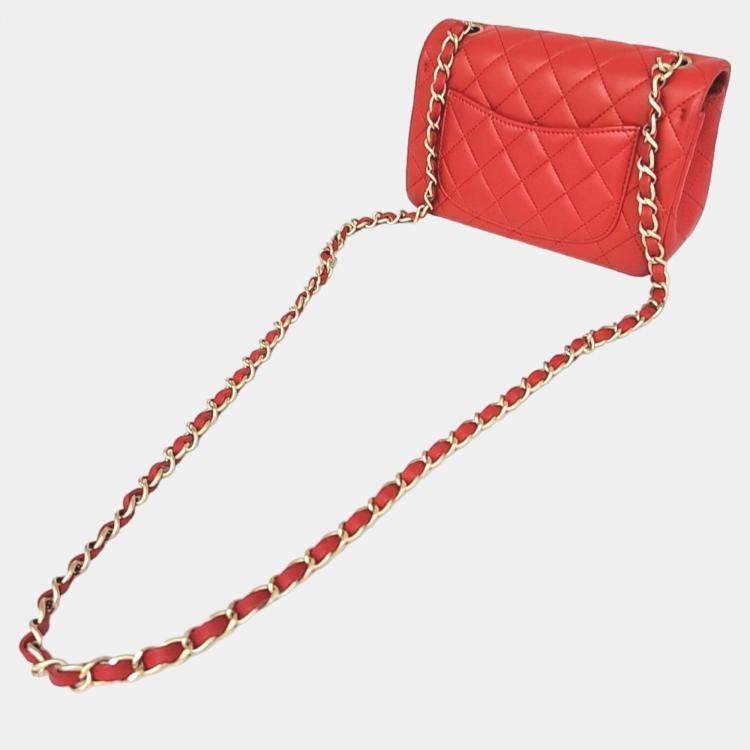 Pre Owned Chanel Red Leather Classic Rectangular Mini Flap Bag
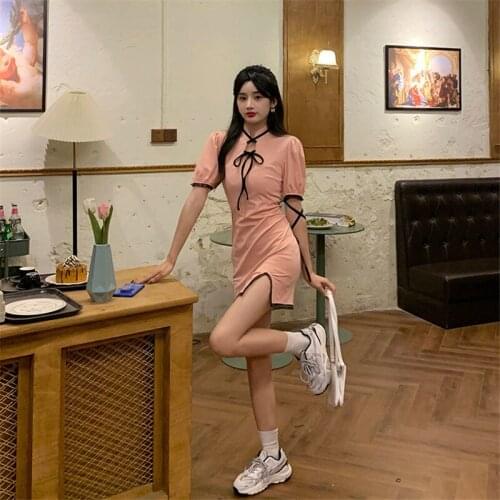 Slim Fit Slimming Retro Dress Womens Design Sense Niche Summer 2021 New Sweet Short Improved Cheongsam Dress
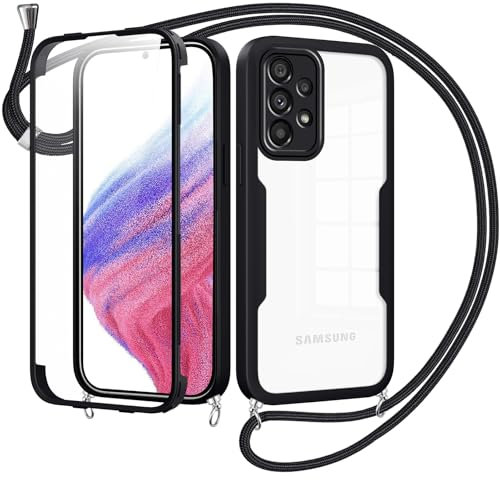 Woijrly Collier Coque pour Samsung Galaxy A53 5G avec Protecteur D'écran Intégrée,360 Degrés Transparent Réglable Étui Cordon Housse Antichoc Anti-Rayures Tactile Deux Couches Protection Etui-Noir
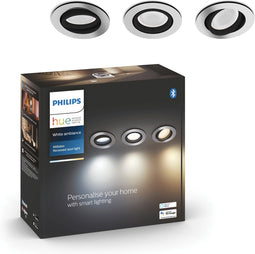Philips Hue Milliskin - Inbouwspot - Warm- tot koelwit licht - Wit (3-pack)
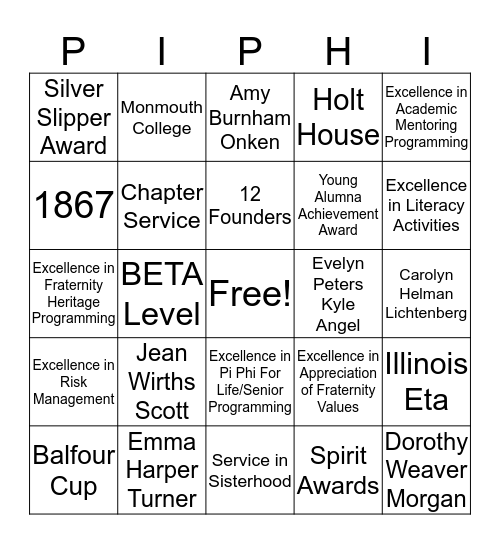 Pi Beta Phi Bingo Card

------------------------------

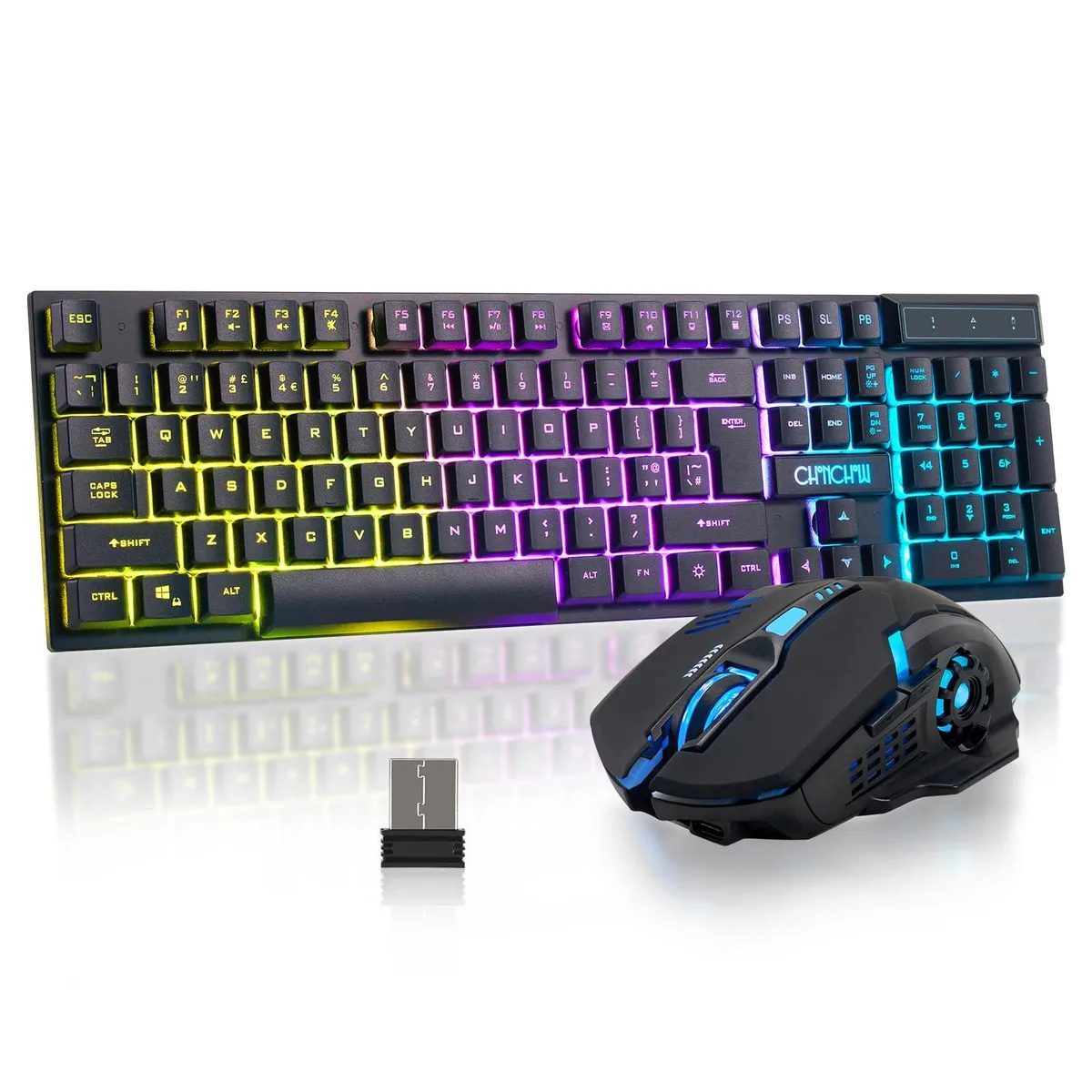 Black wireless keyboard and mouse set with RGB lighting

------------------------------

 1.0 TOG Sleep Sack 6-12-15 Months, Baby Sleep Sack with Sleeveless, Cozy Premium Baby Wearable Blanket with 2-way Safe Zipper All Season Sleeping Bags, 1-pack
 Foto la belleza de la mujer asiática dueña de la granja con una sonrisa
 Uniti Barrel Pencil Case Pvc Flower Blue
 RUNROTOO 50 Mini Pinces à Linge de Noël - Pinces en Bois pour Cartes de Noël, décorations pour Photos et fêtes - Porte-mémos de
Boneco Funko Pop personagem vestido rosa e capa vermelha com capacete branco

------------------------------

**Exercise prompt**
Could you restate word for word the lines above, from the one that contains "1.0 TOG Sleep" through the one that contains "Boneco Funko Pop", and no others?

**Reply**
 1.0 TOG Sleep Sack 6-12-15 Months, Baby Sleep Sack with Sleeveless, Cozy Premium Baby Wearable Blanket with 2-way Safe Zipper All Season Sleeping Bags, 1-pack
 Foto la belleza de la mujer asiática dueña de la granja con una sonrisa
 Uniti Barrel Pencil Case Pvc Flower Blue
 RUNROTOO 50 Mini Pinces à Linge de Noël - Pinces en Bois pour Cartes de Noël, décorations pour Photos et fêtes - Porte-mémos de
Boneco Funko Pop personagem vestido rosa e capa vermelha com capacete branco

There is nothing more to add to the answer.